[[ Information given open ]]
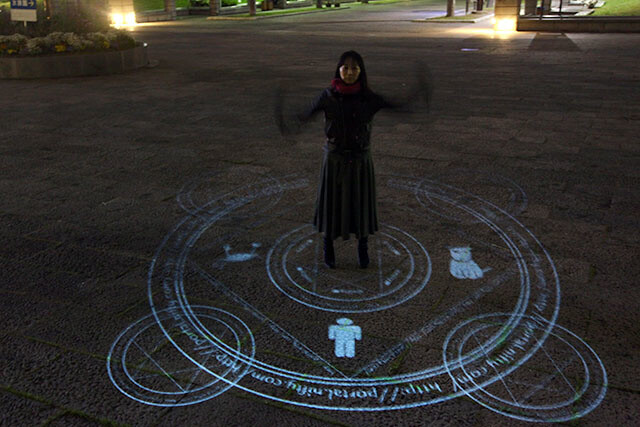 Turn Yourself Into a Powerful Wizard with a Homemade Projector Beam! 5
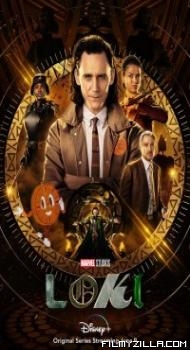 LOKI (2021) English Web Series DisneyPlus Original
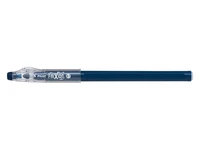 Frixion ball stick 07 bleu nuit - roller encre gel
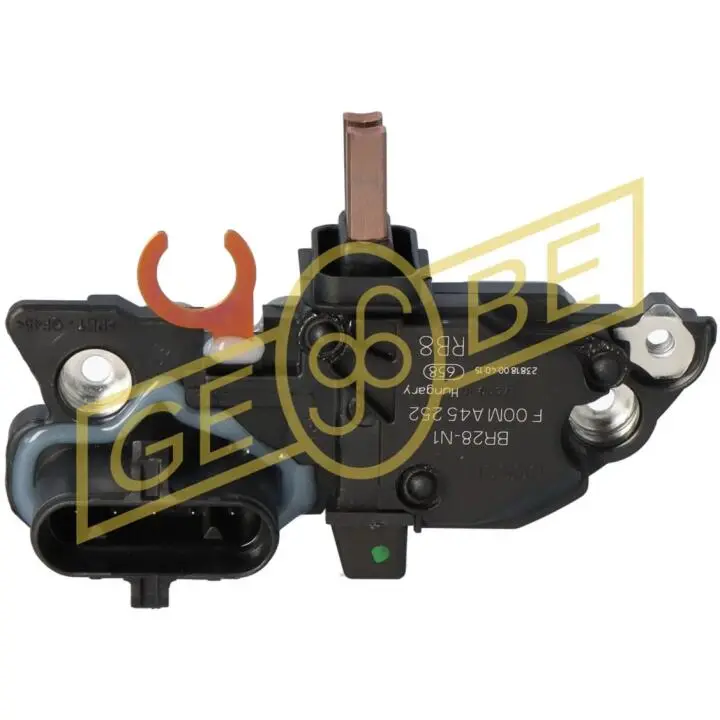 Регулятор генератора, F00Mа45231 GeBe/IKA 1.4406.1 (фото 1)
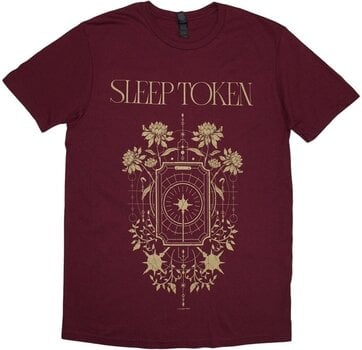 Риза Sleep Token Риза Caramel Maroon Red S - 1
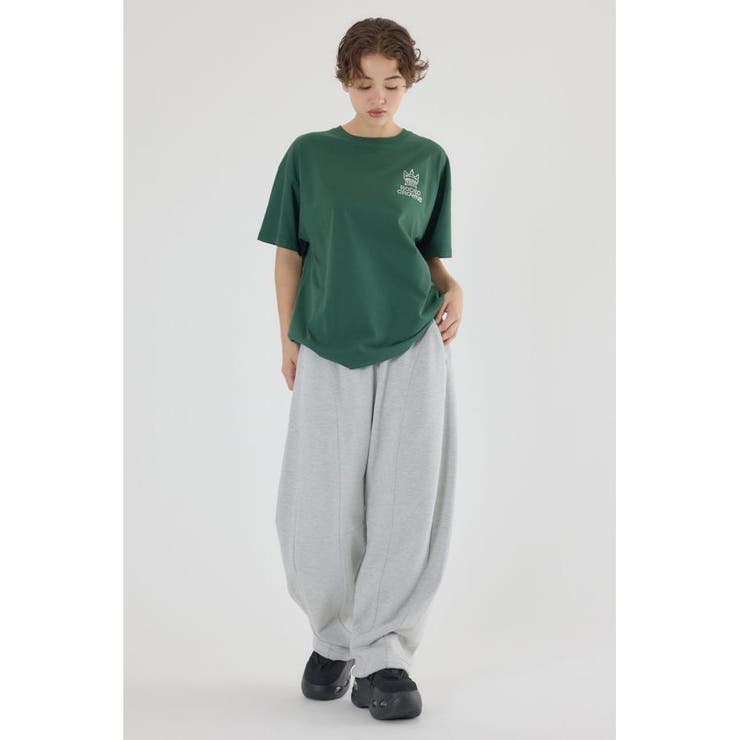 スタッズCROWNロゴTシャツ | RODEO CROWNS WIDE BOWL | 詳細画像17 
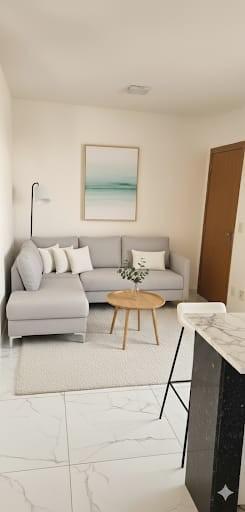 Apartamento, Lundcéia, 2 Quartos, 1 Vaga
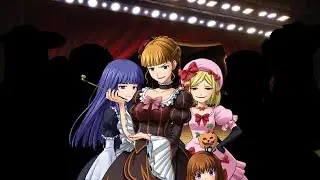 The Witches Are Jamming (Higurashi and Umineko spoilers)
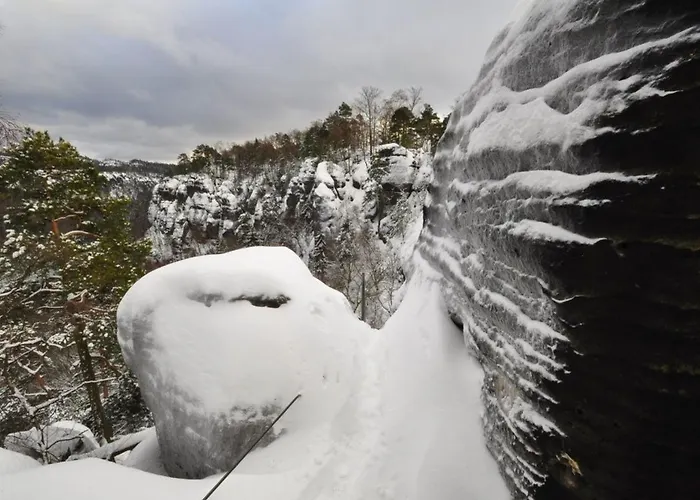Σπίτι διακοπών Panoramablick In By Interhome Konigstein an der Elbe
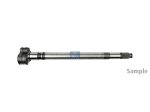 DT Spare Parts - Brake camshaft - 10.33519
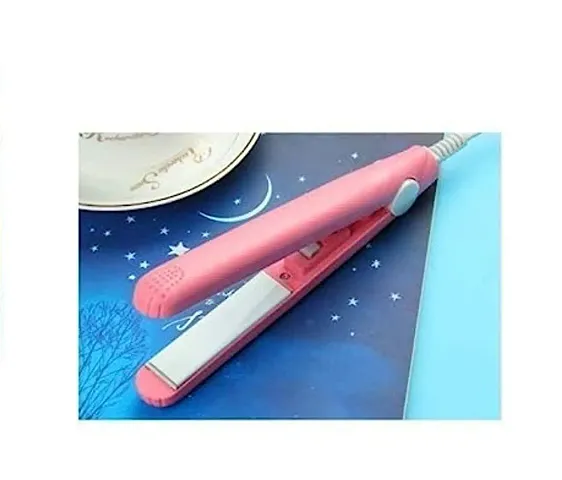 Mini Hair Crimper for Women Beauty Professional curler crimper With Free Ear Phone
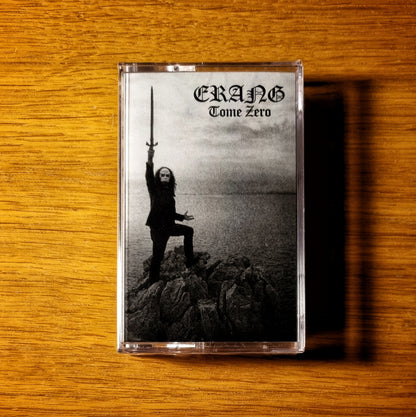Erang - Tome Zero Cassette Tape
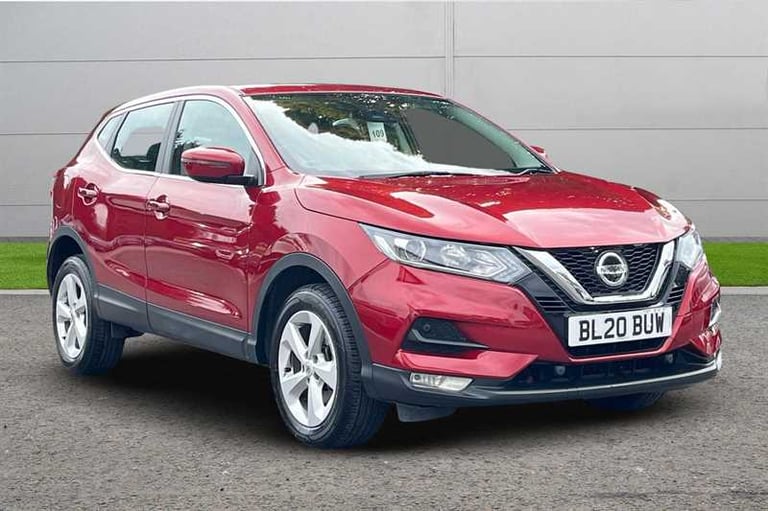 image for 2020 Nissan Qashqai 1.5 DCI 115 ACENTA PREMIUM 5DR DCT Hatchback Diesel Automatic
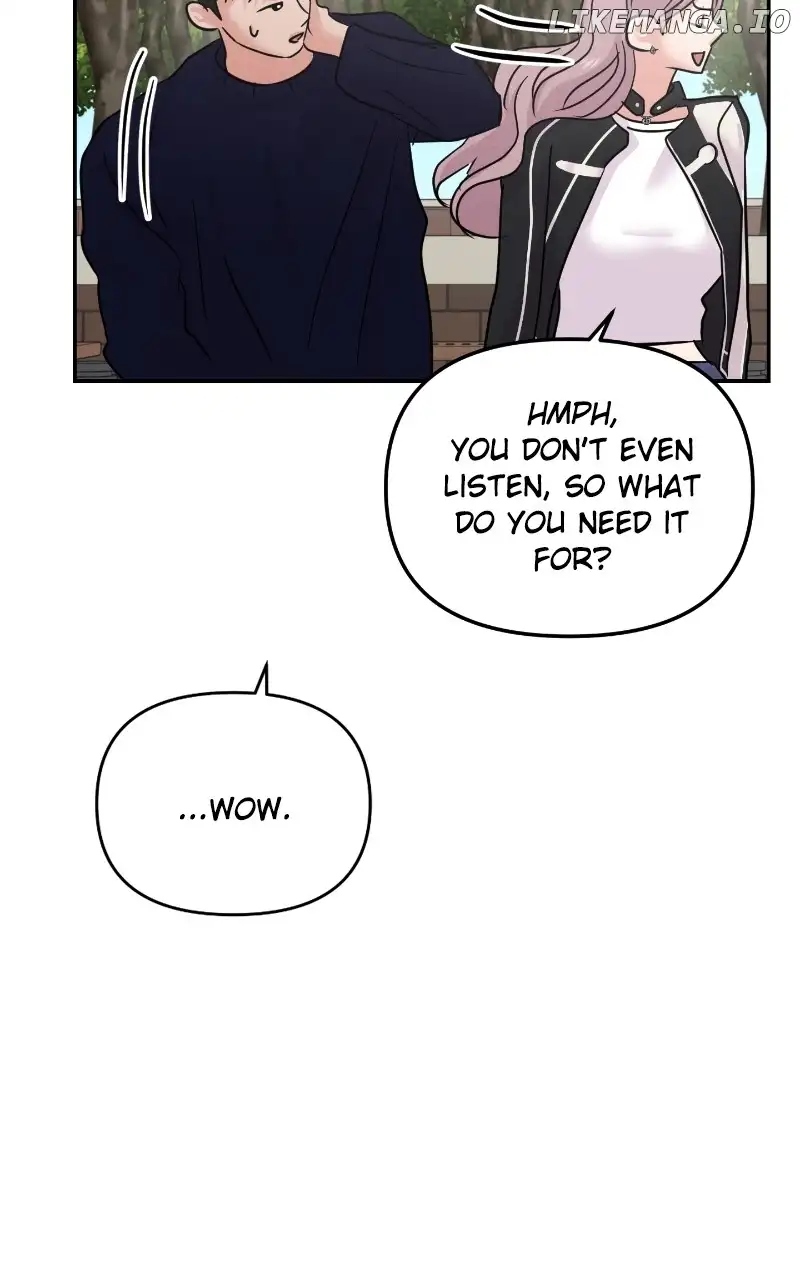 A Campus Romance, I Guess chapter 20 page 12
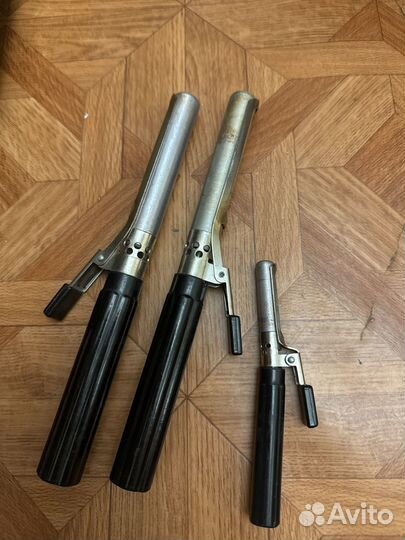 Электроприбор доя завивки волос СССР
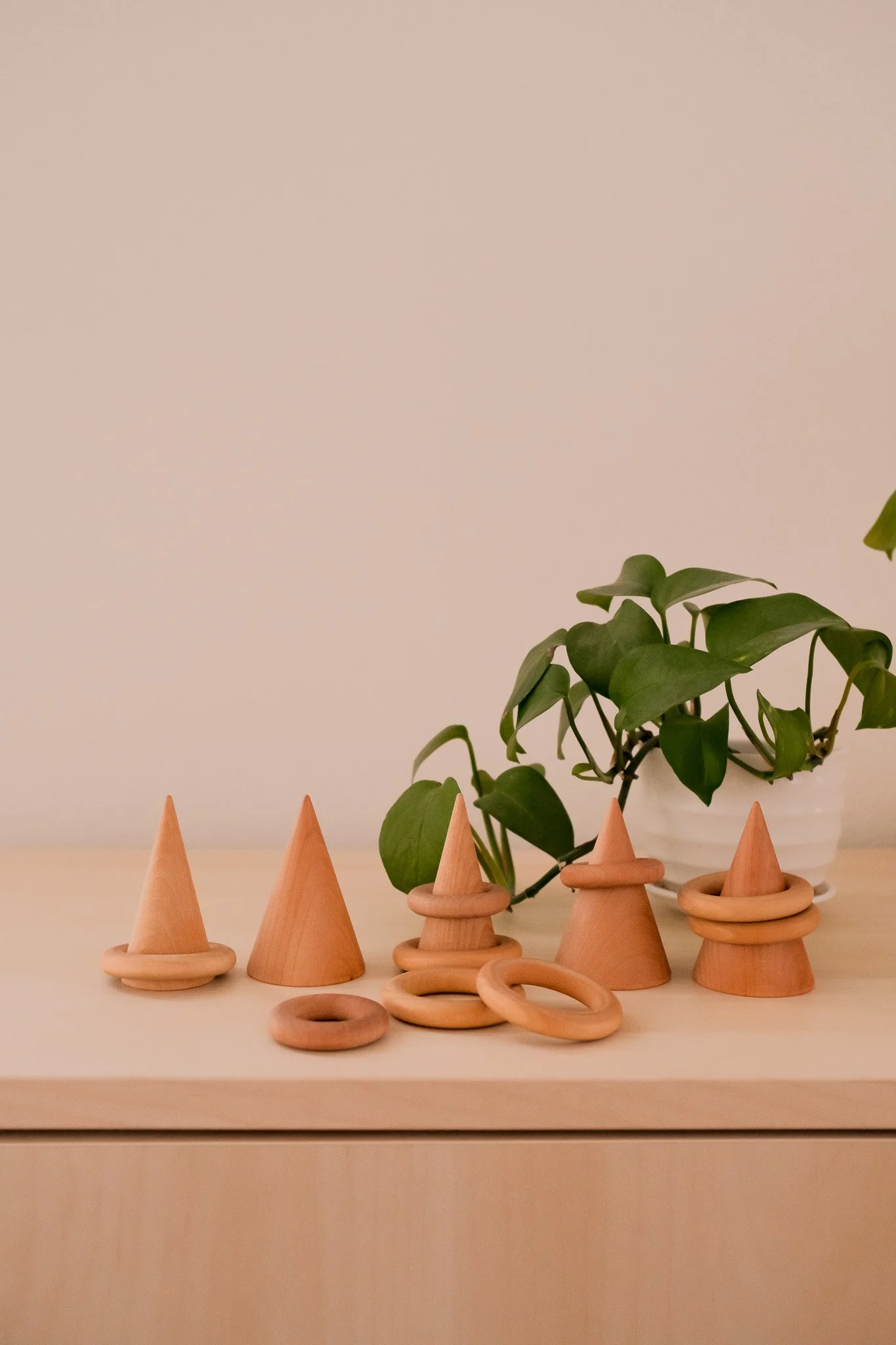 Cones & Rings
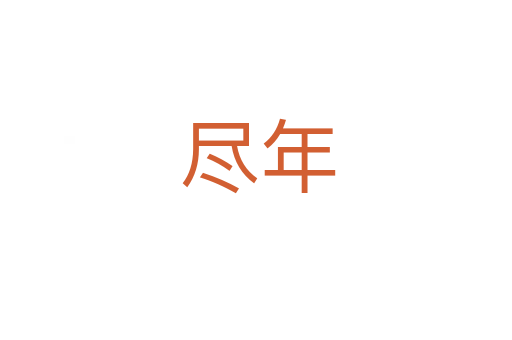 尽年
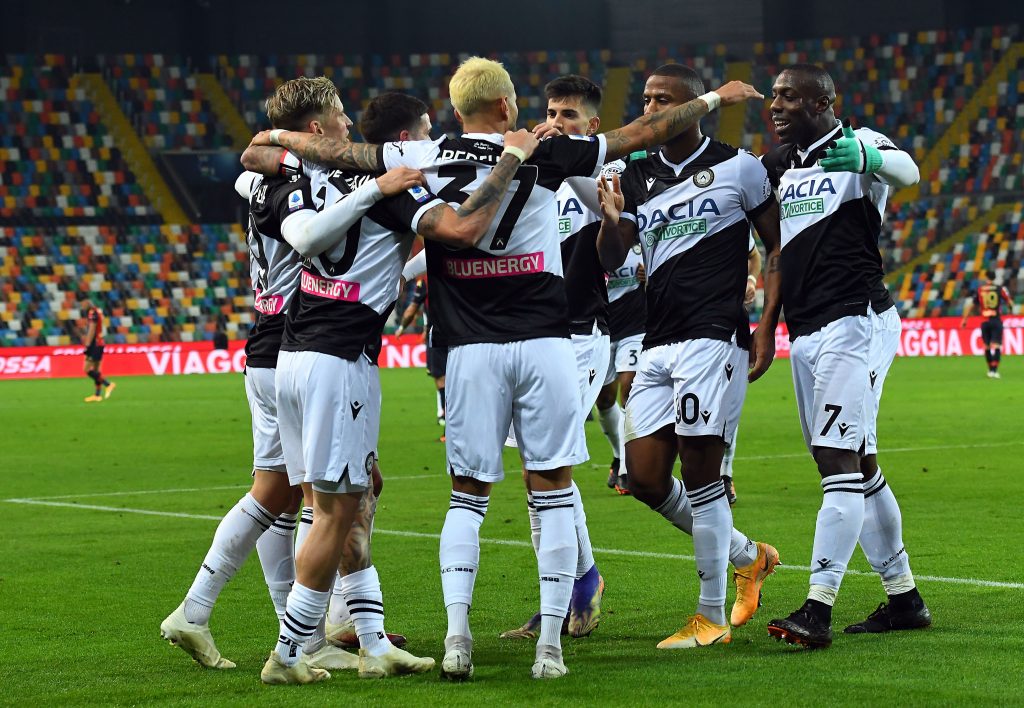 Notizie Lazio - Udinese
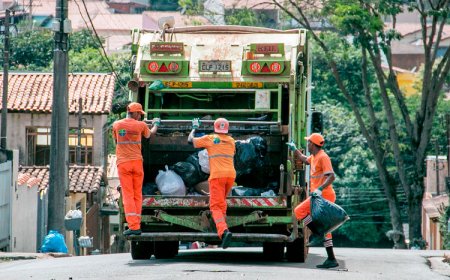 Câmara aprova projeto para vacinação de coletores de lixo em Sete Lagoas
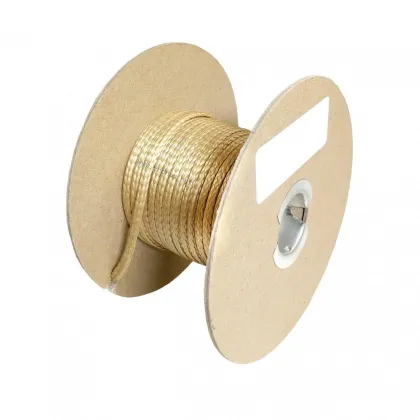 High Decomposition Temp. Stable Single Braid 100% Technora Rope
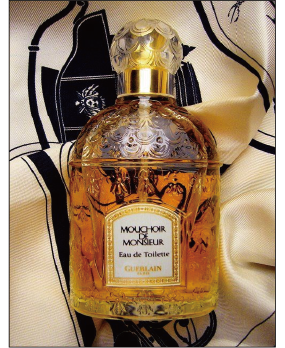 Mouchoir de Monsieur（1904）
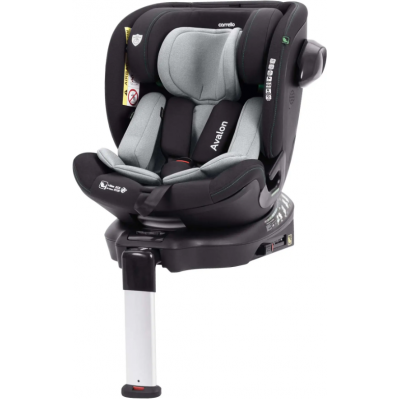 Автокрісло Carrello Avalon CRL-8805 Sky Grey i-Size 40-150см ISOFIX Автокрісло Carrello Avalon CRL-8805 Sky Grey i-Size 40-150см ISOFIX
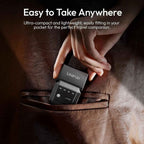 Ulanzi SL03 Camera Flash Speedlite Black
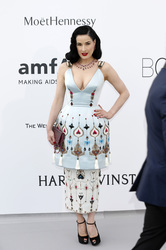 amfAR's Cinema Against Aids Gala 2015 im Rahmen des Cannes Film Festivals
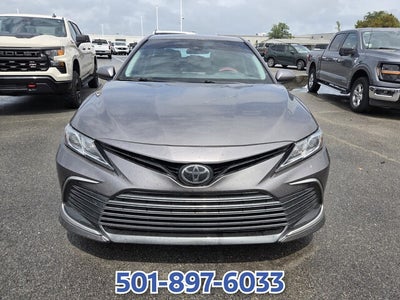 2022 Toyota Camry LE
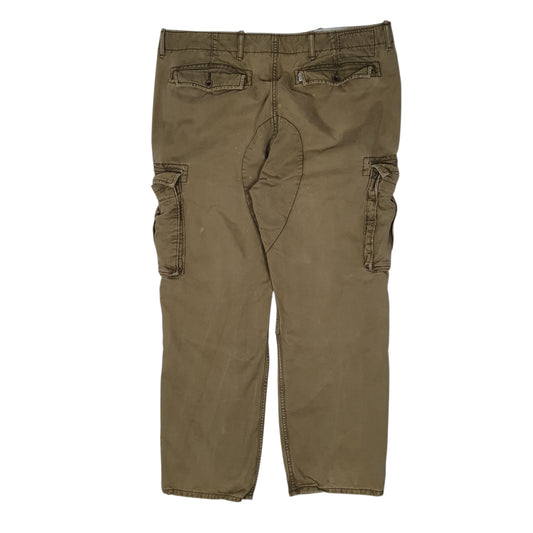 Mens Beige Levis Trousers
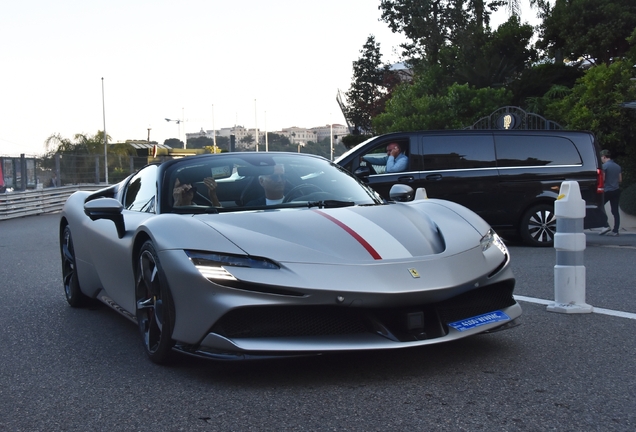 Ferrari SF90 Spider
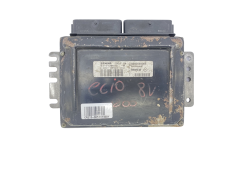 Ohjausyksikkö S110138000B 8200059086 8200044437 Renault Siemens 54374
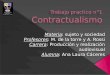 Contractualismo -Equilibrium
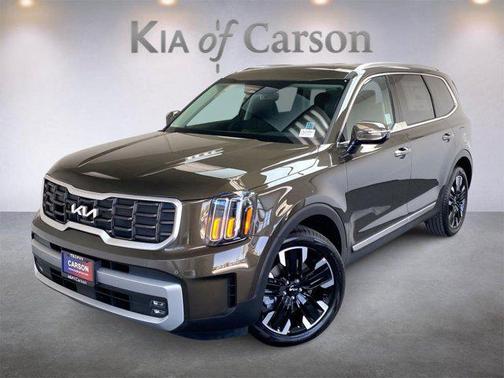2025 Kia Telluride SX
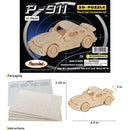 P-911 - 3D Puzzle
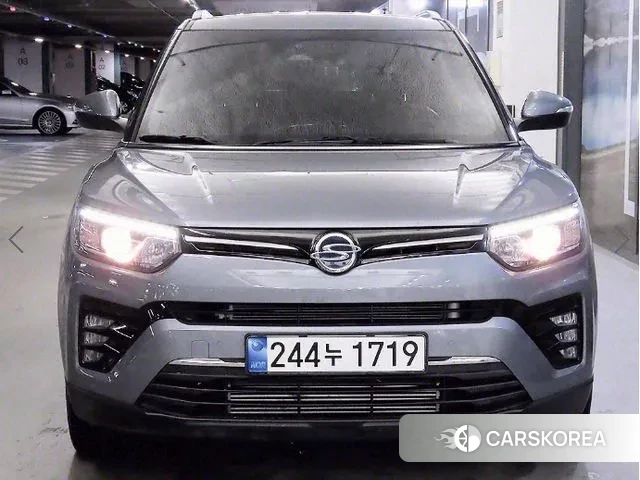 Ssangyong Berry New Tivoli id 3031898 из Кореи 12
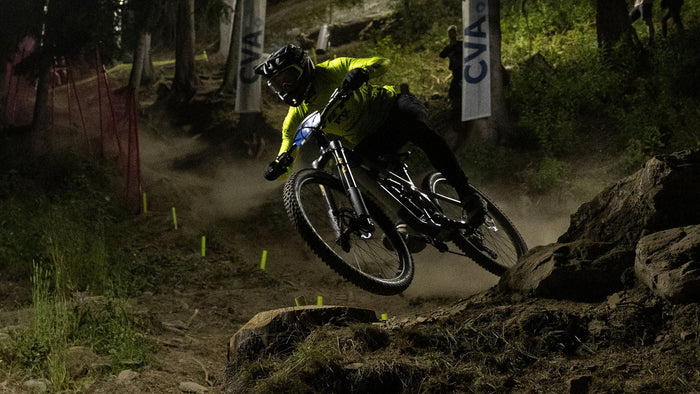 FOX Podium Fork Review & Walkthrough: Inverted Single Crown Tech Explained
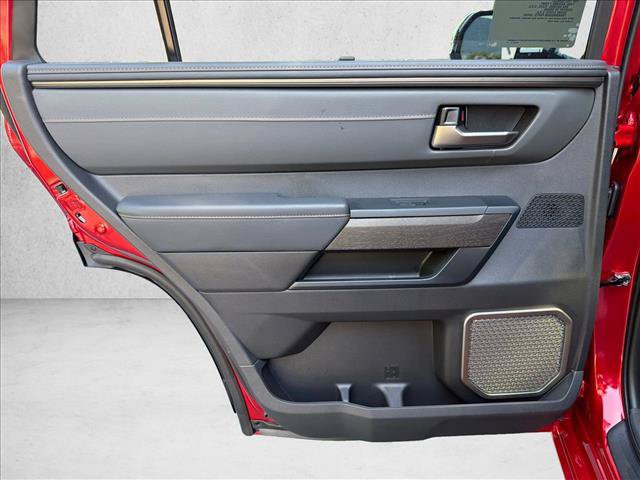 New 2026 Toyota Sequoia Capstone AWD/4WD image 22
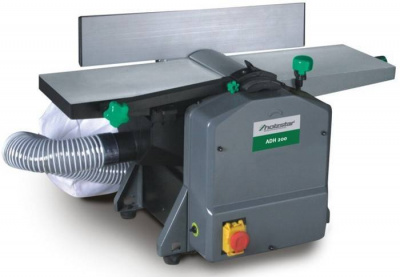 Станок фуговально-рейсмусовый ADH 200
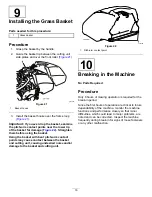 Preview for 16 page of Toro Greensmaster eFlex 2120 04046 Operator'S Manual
[[ Information given closed ]]
What you are asked to do:
Return every line above exactly, omitting images.

Solution to the problem:
 Turn Yourself Into a Powerful Wizard with a Homemade Projector Beam! 5
 LOKI (2021) English Web Series DisneyPlus Original
 Frixion ball stick 07 bleu nuit - roller encre gel
 Регулятор генератора, F00Mа45231 GeBe/IKA 1.4406.1 (фото 1)
 Риза Sleep Token Риза Caramel Maroon Red S - 1
 スタッズCROWNロゴTシャツ | RODEO CROWNS WIDE BOWL | 詳細画像17 
 Apartamento, Lundcéia, 2 Quartos, 1 Vaga
 The Witches Are Jamming (Higurashi and Umineko spoilers)
Σπίτι διακοπών Panoramablick In By Interhome Konigstein an der Elbe
 DT Spare Parts - Brake camshaft - 10.33519
 Mini Hair Crimper for Women Beauty Professional curler crimper With Free Ear Phone
Erang - Tome Zero Cassette Tape
 image for 2020 Nissan Qashqai 1.5 DCI 115 ACENTA PREMIUM 5DR DCT Hatchback Diesel Automatic
 A Campus Romance, I Guess chapter 20 page 12
 Электроприбор доя завивки волос СССР
 Cones & Rings
 尽年
 Notizie Lazio - Udinese
 Câmara aprova projeto para vacinação de coletores de lixo em Sete Lagoas
 High Decomposition Temp. Stable Single Braid 100% Technora Rope
 Mouchoir de Monsieur（1904）
 Автокрісло Carrello Avalon CRL-8805 Sky Grey i-Size 40-150см ISOFIX Автокрісло Carrello Avalon CRL-8805 Sky Grey i-Size 40-150см ISOFIX
 Ulanzi SL03 Camera Flash Speedlite Black
 amfAR's Cinema Against Aids Gala 2015 im Rahmen des Cannes Film Festivals
 2022 Toyota Camry LE
 Mens Beige Levis Trousers
 Ferrari SF90 Spider
 Ohjausyksikkö S110138000B 8200059086 8200044437 Renault Siemens 54374
 Contractualismo -Equilibrium
2025 Kia Telluride SX
 P-911 - 3D Puzzle
 Ssangyong Berry New Tivoli id 3031898 из Кореи 12
 FOX Podium Fork Review & Walkthrough: Inverted Single Crown Tech Explained
 New 2026 Toyota Sequoia Capstone AWD/4WD image 22
 Станок фуговально-рейсмусовый ADH 200
 Preview for 16 page of Toro Greensmaster eFlex 2120 04046 Operator'S Manual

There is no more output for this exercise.